Daniel Raven was 23 years old and, on Monday, 10 October 1949, had been visiting his wife, Marie, in a maternity home where she had given birth to their first child four days earlier. Raven had driven his parents-in-law, Leopold and Esther Goodman, to the maternity home and gave them a lift back to their own house. Whatever passed between Raven and the Goodmans, who were immensely proud of their daughter and their new grandson, was a mystery, but after they left the maternity home shortly after 9 p.m. that evening, Daniel Raven destroyed his wife’s family by battering the Goodmans to death using the base of a television aerial. Television had not become popular at that time, but Leopold Goodman was a partner in a radio business. The attack took place around 9.30 p.m.
1949
TV aerial bracket used as a weapon by Daniel Raven
At about 9.55 p.m., Esther Goodman’s brother-in-law, who was also Leopold Goodman’s business partner, called at the house with his wife and daughter to enquire about the new baby. When he received no response, he climbed into the house through an open window and found the murder scene. He telephoned the police and Detective Inspector Diller started the police investigation. The police telephoned Daniel Raven and asked him to come round to the house as they had some bad news. Raven soon arrived from his own home in nearby Edgwarebury Lane, a house bought for him and his wife by his parents-in-law.
There were bundles of banknotes in the house, including some under a mattress and over £2,500 in a safe, so it appeared that robbery was not the motive for the crime. Raven arrived at the house and appeared overcome with emotion. The police noticed that he was wearing a clean shirt and others noticed that he had changed his suit.

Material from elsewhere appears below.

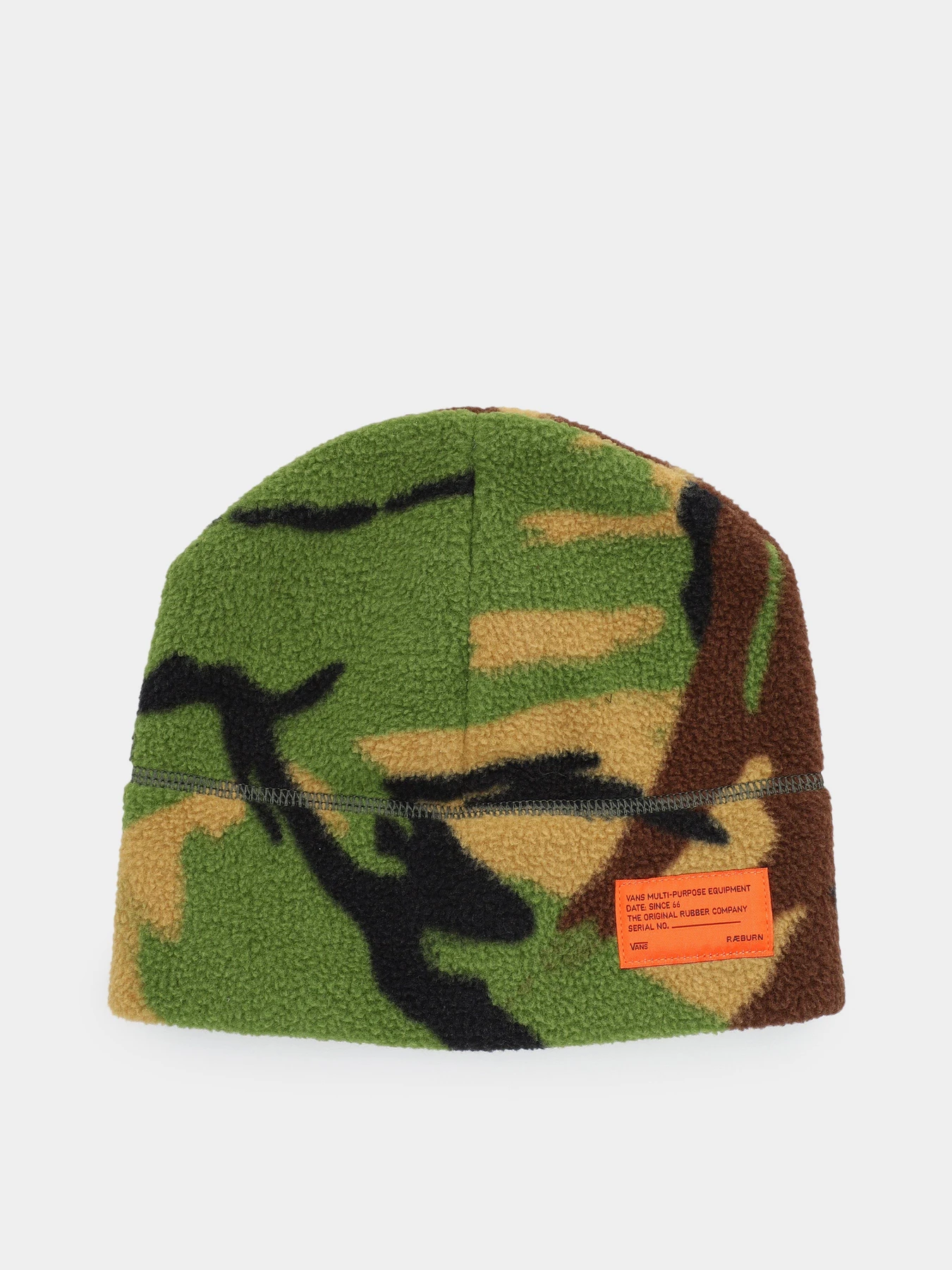Шапки и кепки Vans Raeburn модель VN0A7SP5CMA1 Шапки и кепки Vans Raeburn модель VN0A7SP5CMA1 Фото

Raven lamented that he had not stayed longer with his parents-in-law who, he said, were worried about being burgled. He had been present at the house during the crucial time and was asked to come to the police station for further investigation. He was asked to provide the keys to his house, and when Detective Inspector Diller went there he immediately smelt burning. A gas poker was alight in the kitchen boiler, from which the officer managed to retrieve the remains of a suit. Both victims shared a relatively rare blood group, AB, and bloodstains matching this group were found on the suit and on a pair of Raven’s shoes. Raven’s car seat had been recently cleaned. On this evidence, Detective Chief Inspector Albert Tansil charged him with the murders.
When Raven appeared at the Old Bailey in November 1959 he claimed he had left his parents-in-law alive, but had then called on his cousins, who had been out, so he had returned to his parents-in-law and found the murder scene, which is when he got blood on his clothes. He claimed to have driven to his own home in fear and then burnt his suit and washed his shoes. The unlikely story was rejected by the jury who found him guilty and he was sentenced to death.
Raven appealed and for the first time introduced evidence of mental instability, drawing on his record of having been discharged from the RAF because of ‘severe anxiety neurosis’ and on a doctor’s report that he had been suffering from ‘blackouts and brainstorms’. The appeal and a petition seeking a reprieve from the death penalty both failed, and he was hanged at Pentonville prison on 6 January 1950. The burnt clothing and a denture also became museum exhibits.